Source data
---
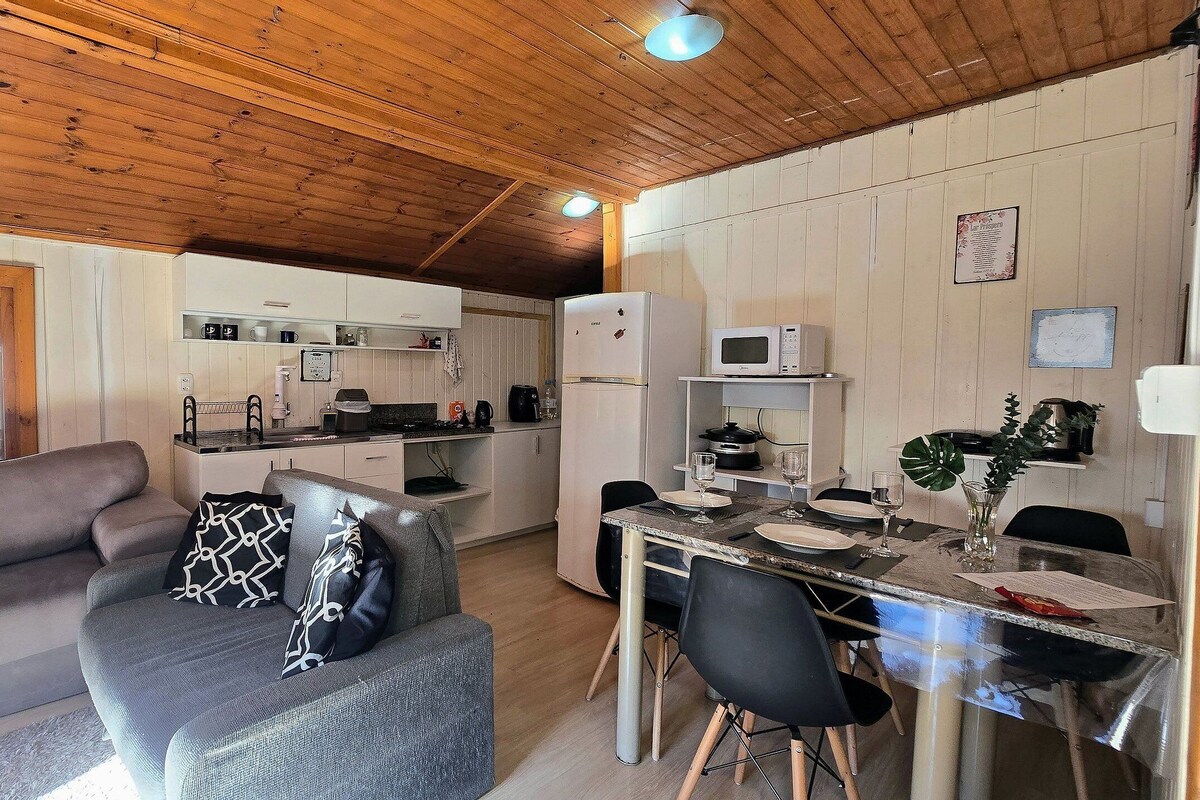 Cocina compacta con microondas, cafetera y refrigerador. Cuenta con una mesa de comedor con sillas, un sofá con cojines estampados y una ventana con vistas al exterior.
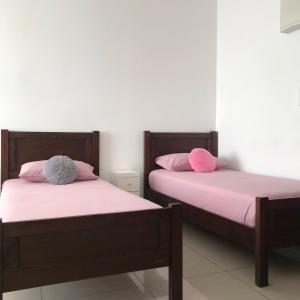twee bedden naast elkaar in een kamer bij Homestay SKS Apartment Larkin Johor Bahru in Johor Bahru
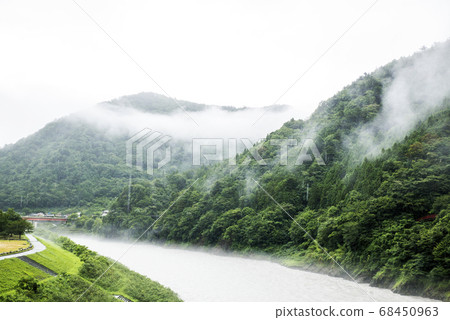 Mountain and river landscape cloudy in bad weather 68450963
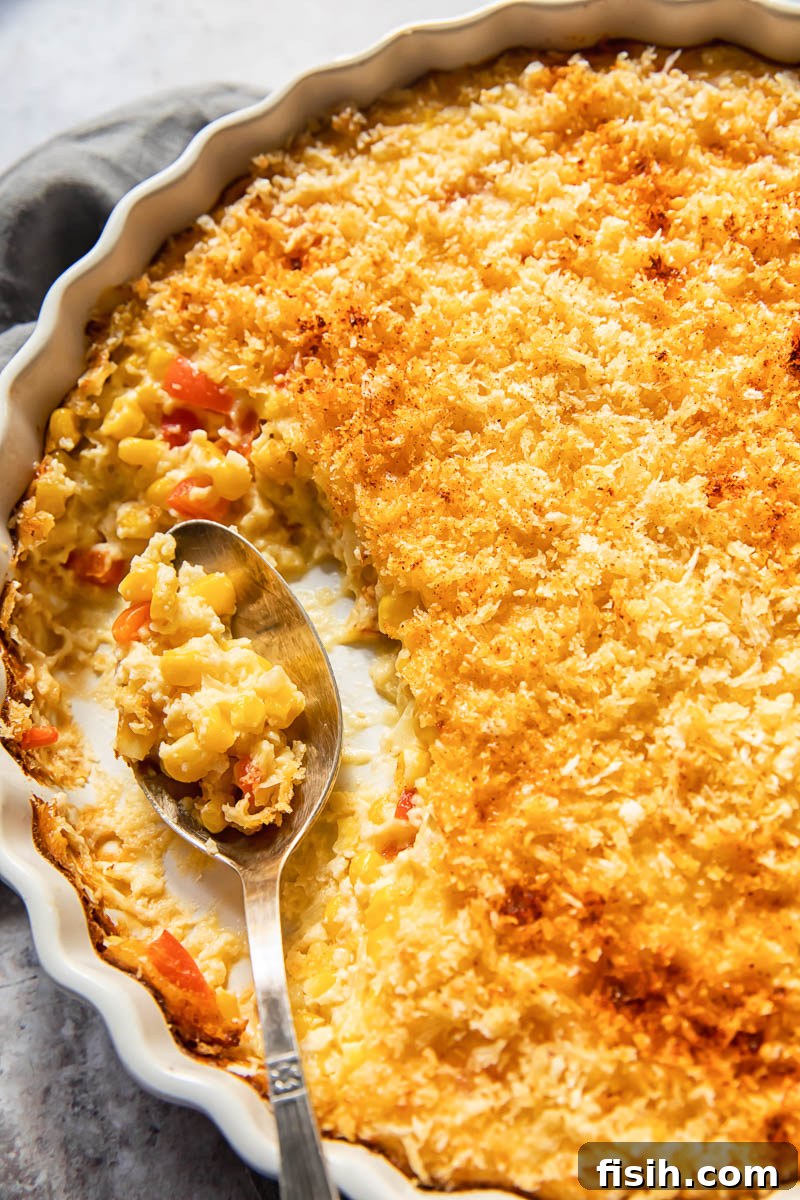 Creamy corn bake served in a white round baking dish with a spoon, showcasing its rich texture and inviting warmth.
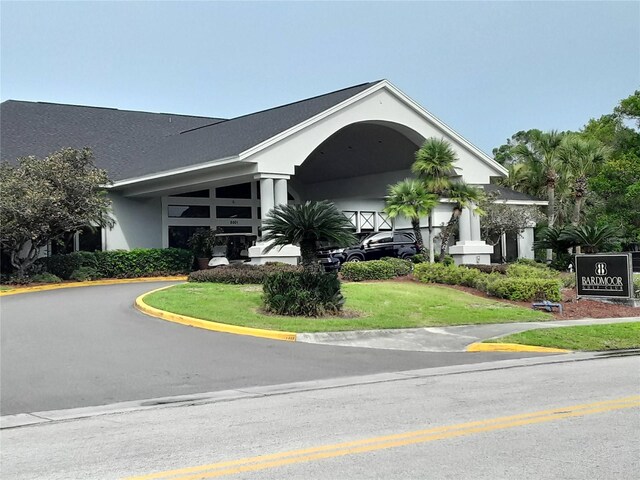 view of building exterior with driveway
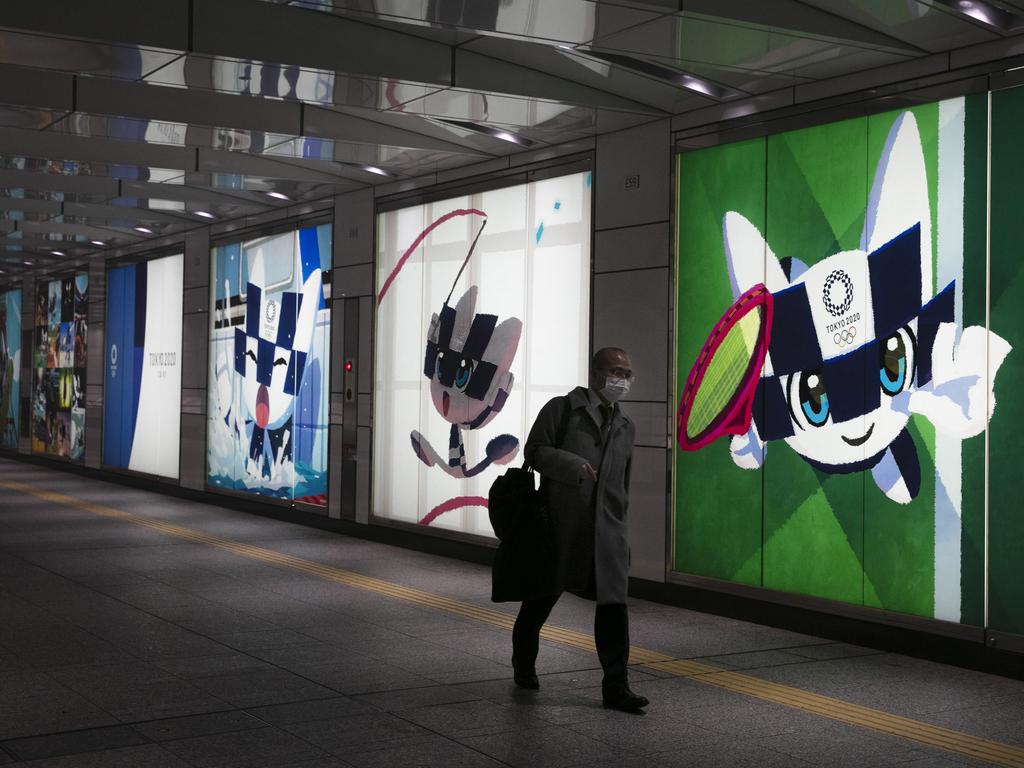 A man walks past large adverts promoting the Tokyo 2020 Olympics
---
## WORK TO BE COMPLETED
In this exercise, set down all of the data exactly, without the pictures.

## RESULT OF THIS TASK
 Cocina compacta con microondas, cafetera y refrigerador. Cuenta con una mesa de comedor con sillas, un sofá con cojines estampados y una ventana con vistas al exterior.
twee bedden naast elkaar in een kamer bij Homestay SKS Apartment Larkin Johor Bahru in Johor Bahru
 Mountain and river landscape cloudy in bad weather 68450963
 Creamy corn bake served in a white round baking dish with a spoon, showcasing its rich texture and inviting warmth.
 view of building exterior with driveway
 A man walks past large adverts promoting the Tokyo 2020 Olympics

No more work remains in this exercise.